Si tu lis cette lettre, c'est que tu l'as retrouvée, cachée dans l'un des tiroirs de ton bureau. Mes poursuivants ne se doutent donc de rien. Si je l'ai écrite, c'est pour toi. Oui ! Toi, l'être vivant de chair et de sang. J'ai un message à te transmettre. Un message capitale. Un de ceux qui te fera comprendre l'importance de la vie. Je te vois déjà lever les yeux au ciel, une moue perplexe sur ton visage. Pourquoi tant de niaiseries ? Et qui suis-je d'abord, pour m'adresser à toi ?

Tu finiras par l'apprendre.

Si tu partages mon témoignage, certains te diront qu'il est d'une futilité affligeante, d'autres te cracheront au visage. Ne les écoute pas. La vie est un cadeau si précieux, un répit sur terre avant la damnation éternelle. Laisse toi convaincre. Ouvre ton cœur. Vois la chaleur couler dans tes veines. Un souffle si doux que je le regrette amèrement.

Maintenant, tends l'oreille ! J'ai une histoire à te raconter.

Il y a quelques mois déjà, j'ai subit un mortel accident de voiture. Mon premier accident et mon dernier, comme tu l'auras deviné. Sais-tu ce que l'on ressent lorsque le volant broie nos intestins, lorsque le moteur déchire nos membres ? Tout va très vite. Je m'en souviens pourtant parfaitement. La violence de l'impact. L'oreille interne perturbée par les tonneaux. Mes côtes et la taule se tordent. Mes jambes et le pare-brise s'émiettent. Enfin, mon pouls exulte. J'expire.

Après un tel choc, on pourrait croire que la mort est une délivrance.
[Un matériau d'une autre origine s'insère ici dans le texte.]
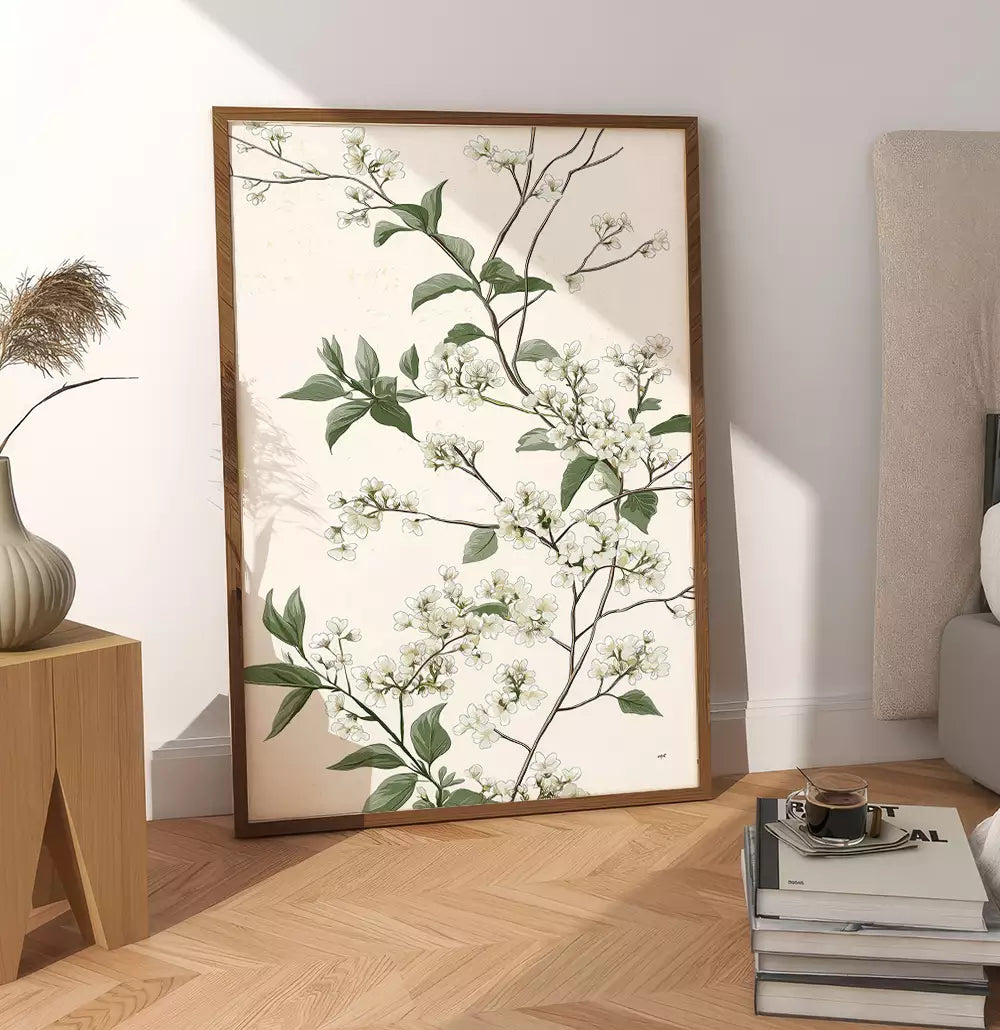 Quadro Decorativo Pintura Floral Ramos e Flores Brancas em ambiente decorado
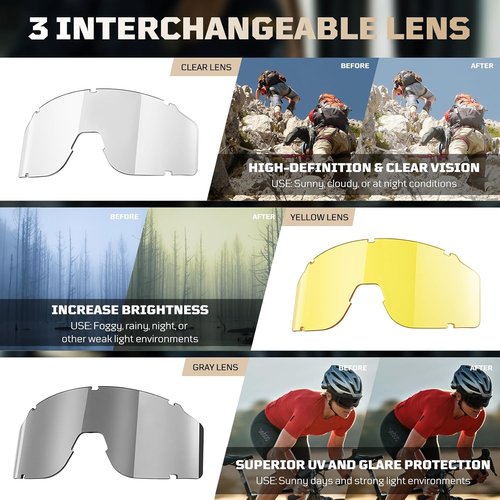 1TG Tactical Airsoft Goggles - Anti-Fog Safety Glasses with 3 Impact-Resistant Lenses for Shooting, Skiing & Riding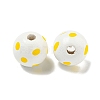Printed Wood European Beads WOOD-G022-18B-2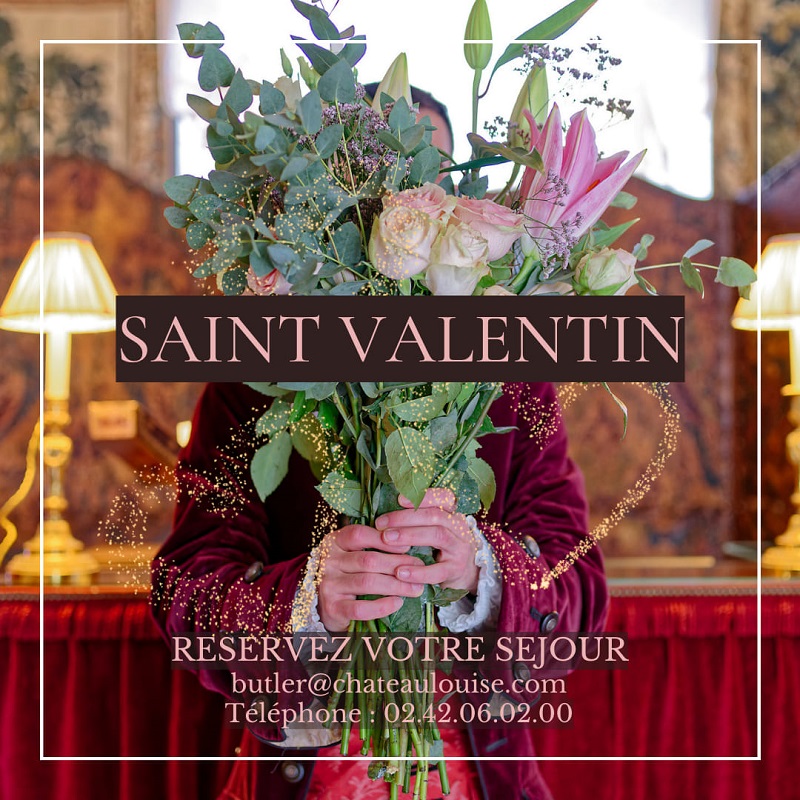 fête de la Saint Valentin au château Louise de la Vallière, hôtel et restaurant à Reugny, à 30 minutes de Tours. Indre et Loire, France.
Bon nombre d'entre vous s'imaginent avec certitude que l'Après sera voluptueux ou ne sera pas.

Mais voilà ! La suite s'avéra plus terrible encore.

C'est pourquoi j'ose profaner ton corps, celui que je possède désormais depuis quelques minutes seulement et, avec lequel, je tape à la machine cette lettre que tu découvriras plus tard. Saches qu'il y a des conséquences. La possession a un prix. Elle est interdite. Elle défie les lois de la vie et de la mort. Deux âmes dans une seule enveloppe ne peuvent cohabiter. J'ai donc peu de temps, car maintenant, les créatures qui me traquent, sont au courant de mon infraction à l'équilibre. Plus anciennes que l'univers lui-même, ces bêtes au sang froid ne me laisseront aucune chance. Elles ont pour mission de rétablir l'ordre naturel des choses. A vrai dire, je m'y attendais ! Je connais le sort qu'elles me réservent. Je sais qu'elles me renverront à la souffrance éternelle, cette douleur dont je vais te parler.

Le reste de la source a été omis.